Matthew Wells, consultor do gabinete de Crises da Amnistia Internacional

A continuada opressão aparenta ter o propósito de tornar a vida insustentável para as dezenas de milhares de rohingya que ainda se encontram no Norte do estado de Rakhine. E é feita na esteira da incansável campanha de violência do Exército birmanês que forçou já mais de 688 mil rohingya a atravessarem a fronteira para o Bangladesh desde agosto passado.

O Exército de Myanmar lançou, a 25 de agosto de 2017, uma operação militar contra a população civil rohingya por todo o Norte do estado de Rakhine, depois de o grupo armado Exército de Salvação Rohingya de Arracão (ARSA) ter atacado cerca de 30 postos das forças de segurança.

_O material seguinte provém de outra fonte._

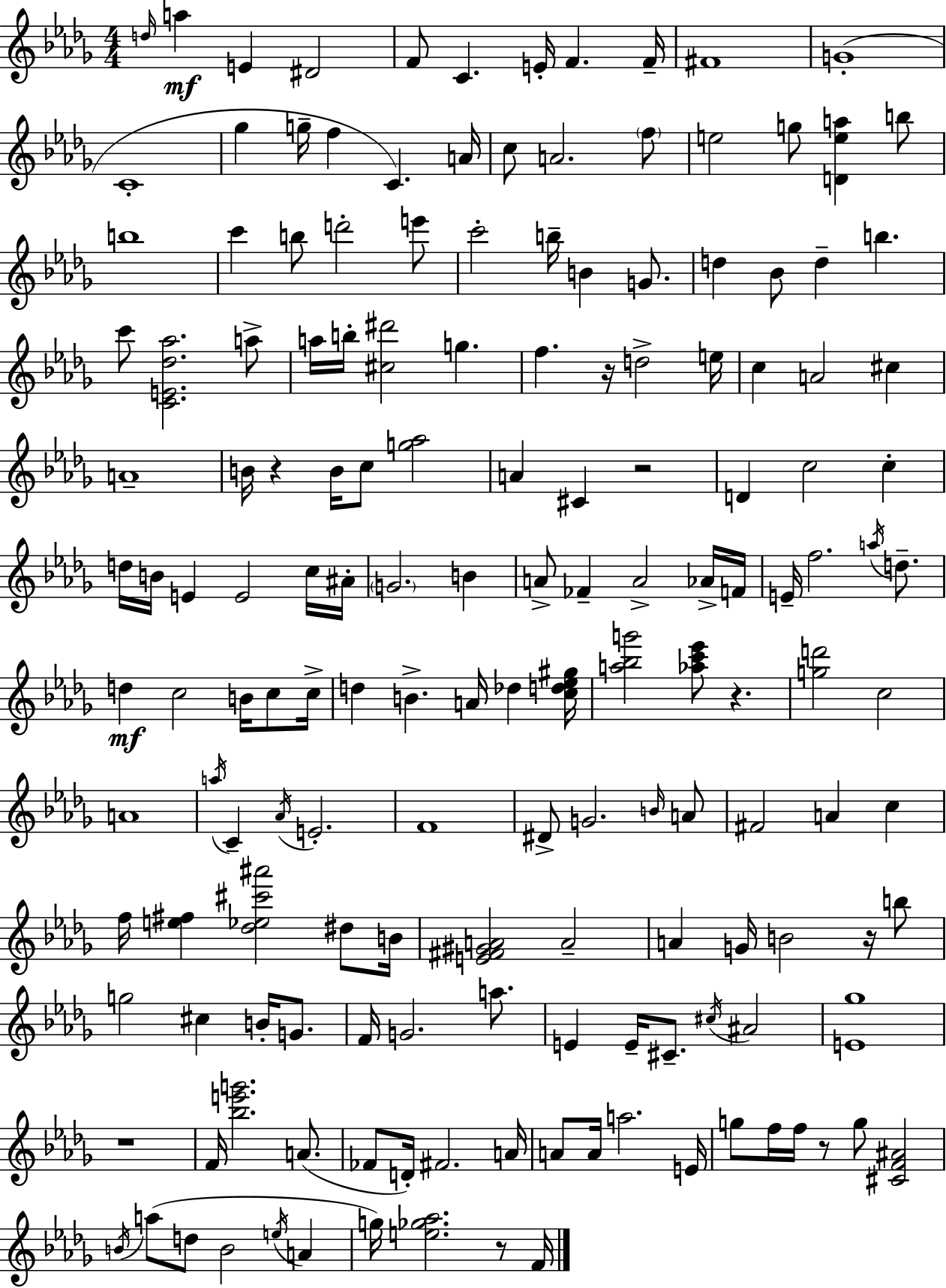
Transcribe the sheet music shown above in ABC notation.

X:1
T:Untitled
M:4/4
L:1/4
K:Bbm
d/4 a E ^D2 F/2 C E/4 F F/4 ^F4 G4 C4 _g g/4 f C A/4 c/2 A2 f/2 e2 g/2 [Dea] b/2 b4 c' b/2 d'2 e'/2 c'2 b/4 B G/2 d _B/2 d b c'/2 [CE_d_a]2 a/2 a/4 b/4 [^c^d']2 g f z/4 d2 e/4 c A2 ^c A4 B/4 z B/4 c/2 [g_a]2 A ^C z2 D c2 c d/4 B/4 E E2 c/4 ^A/4 G2 B A/2 _F A2 _A/4 F/4 E/4 f2 a/4 d/2 d c2 B/4 c/2 c/4 d B A/4 _d [cd_e^g]/4 [a_bg']2 [_ac'_e']/2 z [gd']2 c2 A4 a/4 C _A/4 E2 F4 ^D/2 G2 B/4 A/2 ^F2 A c f/4 [e^f] [_d_e^c'^a']2 ^d/2 B/4 [E^F^GA]2 A2 A G/4 B2 z/4 b/2 g2 ^c B/4 G/2 F/4 G2 a/2 E E/4 ^C/2 ^c/4 ^A2 [E_g]4 z4 F/4 [_be'g']2 A/2 _F/2 D/4 ^F2 A/4 A/2 A/4 a2 E/4 g/2 f/4 f/4 z/2 g/2 [^CF^A]2 B/4 a/2 d/2 B2 e/4 A g/4 [e_g_a]2 z/2 F/4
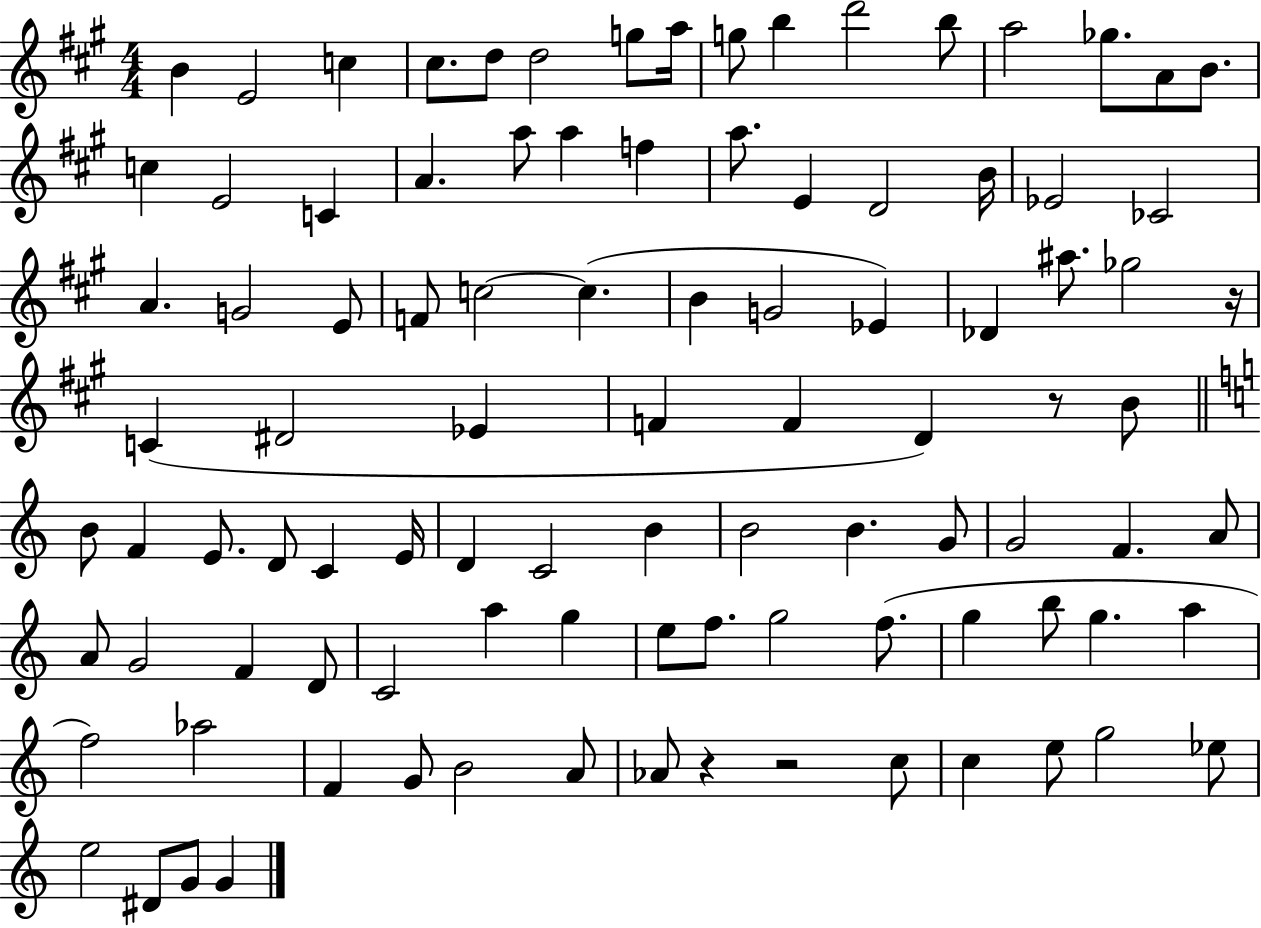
{
  \clef treble
  \numericTimeSignature
  \time 4/4
  \key a \major
  b'4 e'2 c''4 | cis''8. d''8 d''2 g''8 a''16 | g''8 b''4 d'''2 b''8 | a''2 ges''8. a'8 b'8. | \break c''4 e'2 c'4 | a'4. a''8 a''4 f''4 | a''8. e'4 d'2 b'16 | ees'2 ces'2 | \break a'4. g'2 e'8 | f'8 c''2~~ c''4.( | b'4 g'2 ees'4) | des'4 ais''8. ges''2 r16 | \break c'4( dis'2 ees'4 | f'4 f'4 d'4) r8 b'8 | \bar "||" \break \key c \major b'8 f'4 e'8. d'8 c'4 e'16 | d'4 c'2 b'4 | b'2 b'4. g'8 | g'2 f'4. a'8 | \break a'8 g'2 f'4 d'8 | c'2 a''4 g''4 | e''8 f''8. g''2 f''8.( | g''4 b''8 g''4. a''4 | \break f''2) aes''2 | f'4 g'8 b'2 a'8 | aes'8 r4 r2 c''8 | c''4 e''8 g''2 ees''8 | \break e''2 dis'8 g'8 g'4 | \bar "|."
}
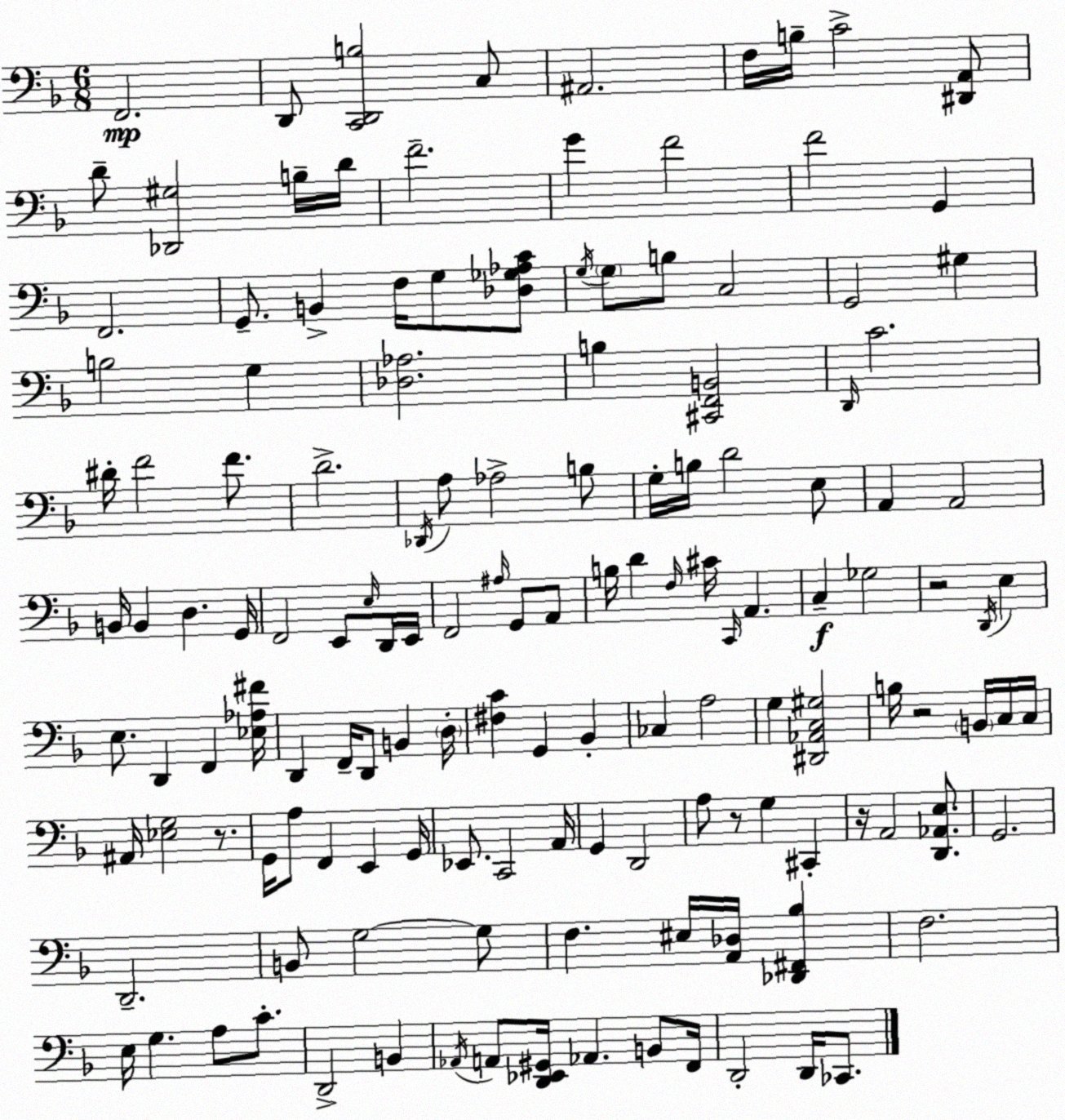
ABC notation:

X:1
T:Untitled
M:6/8
L:1/4
K:Dm
F,,2 D,,/2 [C,,D,,B,]2 C,/2 ^A,,2 F,/4 B,/4 C2 [^D,,A,,]/2 D/2 [_D,,^G,]2 B,/4 D/4 F2 G F2 F2 G,, F,,2 G,,/2 B,, F,/4 G,/2 [_D,_G,_A,C]/2 G,/4 G,/2 B,/2 C,2 G,,2 ^G, B,2 G, [_D,_A,]2 B, [^C,,F,,B,,]2 D,,/4 C2 ^D/4 F2 F/2 D2 _D,,/4 A,/2 _A,2 B,/2 G,/4 B,/4 D2 E,/2 A,, A,,2 B,,/4 B,, D, G,,/4 F,,2 E,,/2 E,/4 D,,/4 E,,/4 F,,2 ^A,/4 G,,/2 A,,/2 B,/4 D F,/4 ^C/4 C,,/4 A,, C, _G,2 z2 D,,/4 E, E,/2 D,, F,, [_E,_A,^F]/4 D,, F,,/4 D,,/2 B,, D,/4 [^F,C] G,, _B,, _C, A,2 G, [^D,,_A,,C,^G,]2 B,/4 z2 B,,/4 C,/4 C,/4 ^A,,/4 [_E,G,]2 z/2 G,,/4 A,/2 F,, E,, G,,/4 _E,,/2 C,,2 A,,/4 G,, D,,2 A,/2 z/2 G, ^C,, z/4 A,,2 [D,,_A,,E,]/2 G,,2 D,,2 B,,/2 G,2 G,/2 F, ^E,/4 [A,,_D,]/4 [_D,,^F,,_B,] F,2 E,/4 G, A,/2 C/2 D,,2 B,, _A,,/4 A,,/2 [D,,_E,,^G,,]/4 _A,, B,,/2 F,,/4 D,,2 D,,/4 _C,,/2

Crimes contra a humanidade cometidos pelos militares incluem a morte generalizada de mulheres, homens e crianças, violação e outras formas de violência sexual contra mulheres e raparigas, deportações maciças e sistemática destruição pelo fogo de aldeias e vilas.

Pessoas recentemente chegadas ao Bangladesh suportaram tudo isto, tentando proteger as suas propriedades e pertences e salvaguardar o seu direito a viverem nas suas localidades.

Fome forçada

Os rohingya recém-chegados ao Bangladesh entrevistados pela equipa de investigação da Amnistia Internacional testemunharam que a persistente perseguição dos militares birmaneses acabou por arrasar a sua determinação em ficarem nas suas terras e os obrigou a juntarem-se ao êxodo rumo ao país vizinho.

Quase todas estas testemunhas responsabilizaram as autoridades de Myanmar de forçarem à fome as comunidades rohingya que ainda permaneciam nas suas terras, através de uma aguda insegurança de acesso aos alimentos e, eventualmente, obrigando-os a fugirem.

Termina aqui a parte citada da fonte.